Outside the United States, though, in Botswana and Zimbabwe, insect gathering is becoming commercialized. And rural villagers in southern Africa harvest caterpillars from the local mopane trees. Traditionally, mopane caterpillars have been an important source of protein for the villagers, but more recently they have also been packaged and sold as a regional delicacy.
In fact, at least 1,400 species of insects are eaten around the world, and the practice dates back thousands of years. However, even commercially distributed species such as the mopane caterpillar are harvested from wild insect populations, meaning that they are subject to year-to-year fluctuations and problems of overharvesting. What is needed to stabilize the insect food supply is the development of farms. “I’ve been working for a long time on trying to convince people that farming insects for the production of animal protein and other materials might be a good idea,” says Robert Kok, chairman of the department of bioresource engineering at McGill University, near Montreal. “Even if they didn’t want to eat them ‘whole hog,’ so to say, it would be possible to extract the protein and oil from them and then manufacture food products from those components,” Kok adds.

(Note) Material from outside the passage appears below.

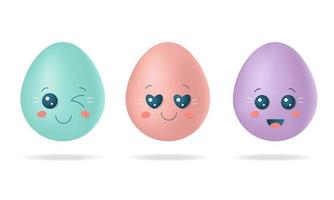 Set of cute 3D Easter eggs with face emotions isolated on white background. Vector stock illustration.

William White of the U.S. Department of Agriculture’s Agricultural Research Service in Houma, Louisiana, is skeptical that this will ever come to pass in the United States, where food tends to be overabundant rather than scarce, at least among those above the poverty line. “I don’t believe that we’ve reached the level of scarcity in our food supply, at least in Western societies, where people would be willing to incorporate insects at any level in their diet,” White says. “Certainly in the United States, the [response to] insects almost borders on a phobia.” As Marion Nestle, professor of nutrition at New York University and the author of What to Eat, puts it, “I think people would have to be desperate for food to make insects a principal part of their diet.” There are other obstacles too: Some insects, such as sea shrimp, cause food allergies; others sequester toxins from plants or may harbor pesticide residues.
Even if we don’t all switch to Bug Burgers, Gracer and his insects are helping to change our habit of making knee-jerk decisions about what we should and shouldn’t be eating. According to the latest figures from the United Nations, 854 million people around the world went hungry in 2003. Really thinking about our food choices could be the first step toward feeding our planet’s ever-growing population in a sustainable manner.
Gracer continues to spend much of his spare time speaking at museums and schools about the benefits and joys of bug eating. In the long term, though, he has grander plans: He would like to import edible insects such as the popular mopane caterpillars or set up a commercial operation selling insects already available here, such as spicy Mexican grasshoppers, or chapulines. He knows his mission is not an easy one; for one thing, there is the small matter of funding. “If I did this for a living, my family and I would be eating bugs all the time,” he says.